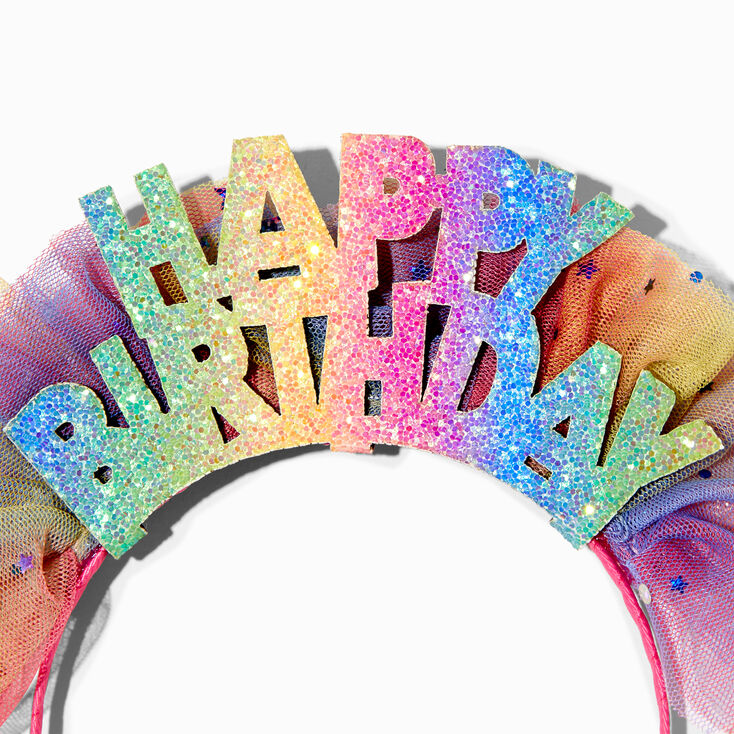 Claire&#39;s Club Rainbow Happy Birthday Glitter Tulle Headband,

§ §

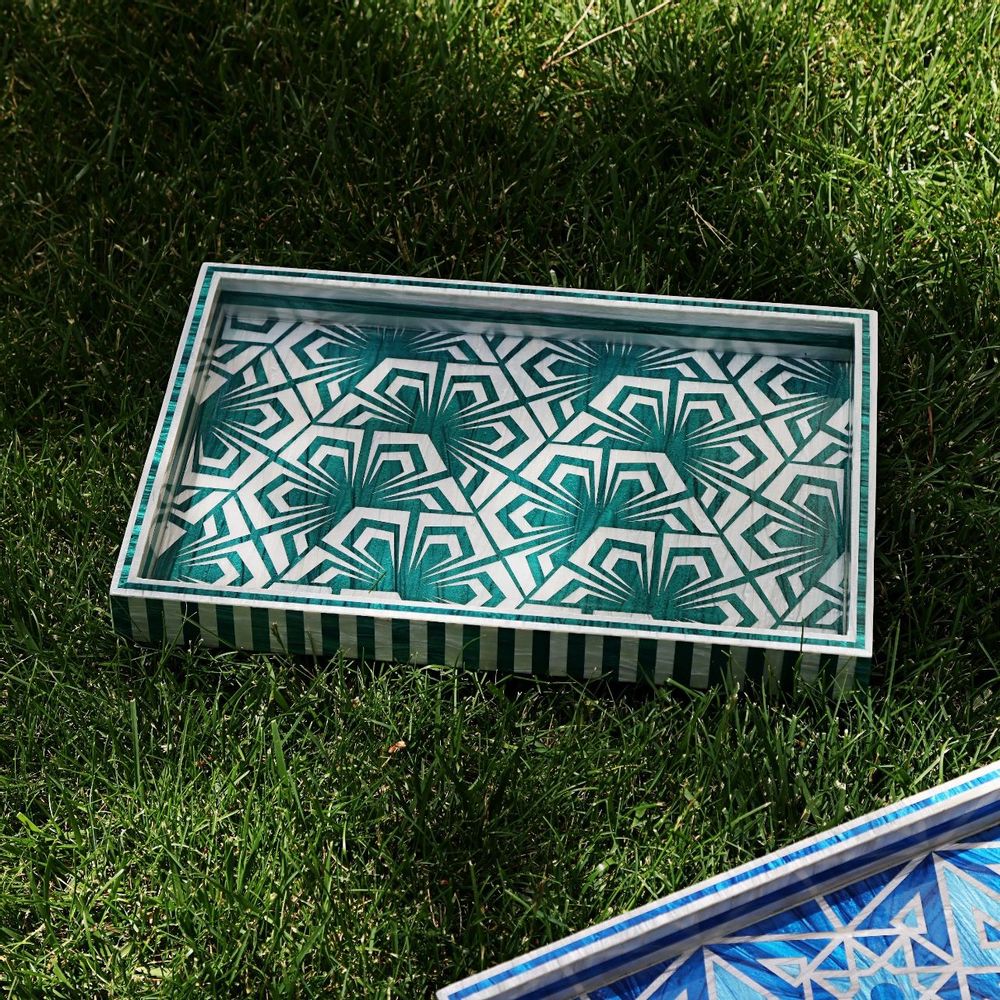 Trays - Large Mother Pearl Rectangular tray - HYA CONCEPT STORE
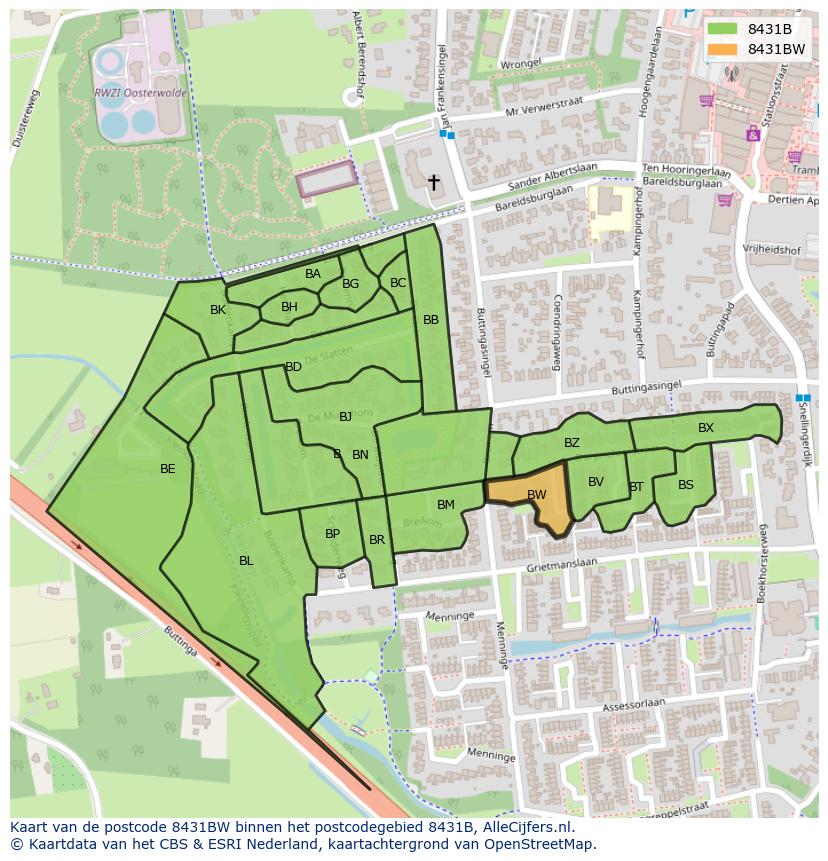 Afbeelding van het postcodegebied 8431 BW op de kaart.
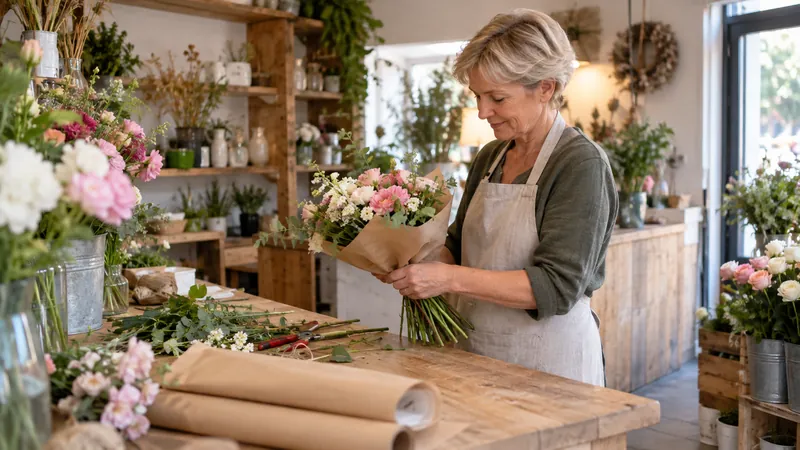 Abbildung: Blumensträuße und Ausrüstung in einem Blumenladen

§ §

Output exactly the stretch of the listing that begins at the line containing "Afbeelding van het" and ends at the line containing "Abbildung: Blumensträuße und", both kept. Omit pictures and everything else.

#### Exercise answer:
 Afbeelding van het postcodegebied 8431 BW op de kaart.
 Abbildung: Blumensträuße und Ausrüstung in einem Blumenladen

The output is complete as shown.